Dear Editor – I often wonder what my many letters to the local media do in bringing to notice social issues affecting people, particularly those in need, the sick, the displaced, the orphans, widows and the requirements of the MOHMS, especially the NRH.
It is easy to become discouraged when I highlight incidences of great need and month or years later see me writing about the same problems because the situations remain unchanged.
I took some comfort this morning, however, when I received the newsletter of the NZ based ‘Take My Hands’ Charity Trust.
Janette Searle writes in the newsletter how combined efforts have contributed to helping the NRH since I first made contact with TMH and participated in a MOU between the MOHMS (NRH) and TMH.
I take comfort, also, how Janette has noticed from my letters to the local media, some of which I copy to her when relevant, the plight of rural health services and health clinics and how such information could have contributed to NZ donors helping TMH with donated equipment and supplies.

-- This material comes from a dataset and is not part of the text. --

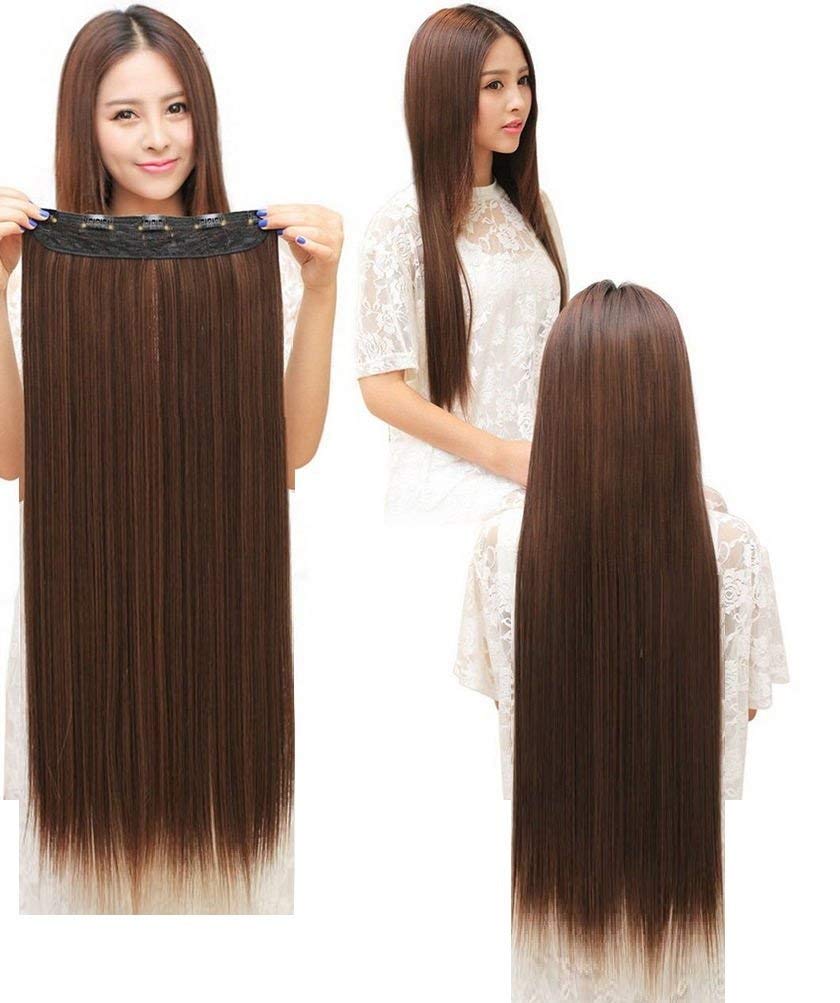 Shipaara 16-18 Inch Clip-In Straight Hair Extensions for Women - Golden Highlighted Synthetic Hair - Perfect for Parties, Weddings & Daily Styling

This is Janette’s story quoted from the TMH newsletter I have mentioned.
“Take My Hands
“A couple of days ago, two shipping containers full of much-needed hospital beds and medical supplies were unloaded at Honiara wharf in the Solomon Islands and delivered to the National Referral Hospital, care of our partner charity Take My Hands. Those are the second and third containers to land there, and they’re already being put to good use. Their resourceful leader Janette Searle shares the story below.
“What do you get when you take a failed artist turned enthusiastic project manager in Auckland, an ex-police commissioner sitting in Thailand, some inspired health professionals with equipment to spare across NZ, three government leaders in Honiara, and a group of smart business-people with spare capacity in their transport system? You get a pretty stunning picture of collaboration that will see over 50,000kg of medical equipment and supplies get to those in need in the Solomon Islands this year (2016/17)
“Those supplies likely would have ended up in landfill, or sat in supply-chain-limbo like so much in the industry does for years and years until it goes to waste. But instead, they’re going to be put to good use in local hospitals where resources are in short supply.
“So, why the Solomon Islands?
“When I sit in the comfort of my lounge room drinking tea thinking of the pacific islands, I picture sunshine, beaches, tan lines and great surf breaks. And I’m not wrong – they are all of that in vast abundance. However, heading out into the communities, you experience beautiful smiling faces that exist despite a dire need for some of the basic necessities of life.
“In the Isabel Province in the Solomon Islands, 7000 people have no access to health services and some have to use a canoe to travel by sea for 200 miles to reach a medical clinic. Doctors in one rural health clinic have no electricity and have to resort to using kerosene lamps while performing emergency surgery, another has had no toilet facilities since 2013, and for others the lack of equipment means that people are going without, becoming sicker or in some cases dying. And that’s just one brush stroke of an incredibly large and common picture seen in the Pacific.
“So we’re incredibly proud to have sent around 20,000kg so far, made up of hospital beds, eye-glasses, moon boots and crutches, wheelchairs, examination tables, surgical gowns, gloves and masks. Just this week, two more containers arrived at the National Referral Hospital. From there it will be distributed both through the wards and out to some of the health clinics. And this is just the start! There’s 30,000kg to come.”
Since Janette wrote that article a new 20 foot container full of medical supplies and equipment arrived in Honiara last week for the NRH.
Particular thanks are also due to Lions Clubs (NZ) for the 3000 pairs of eye glasses donated, at my request, to the Honiara National Referral Eye Centre.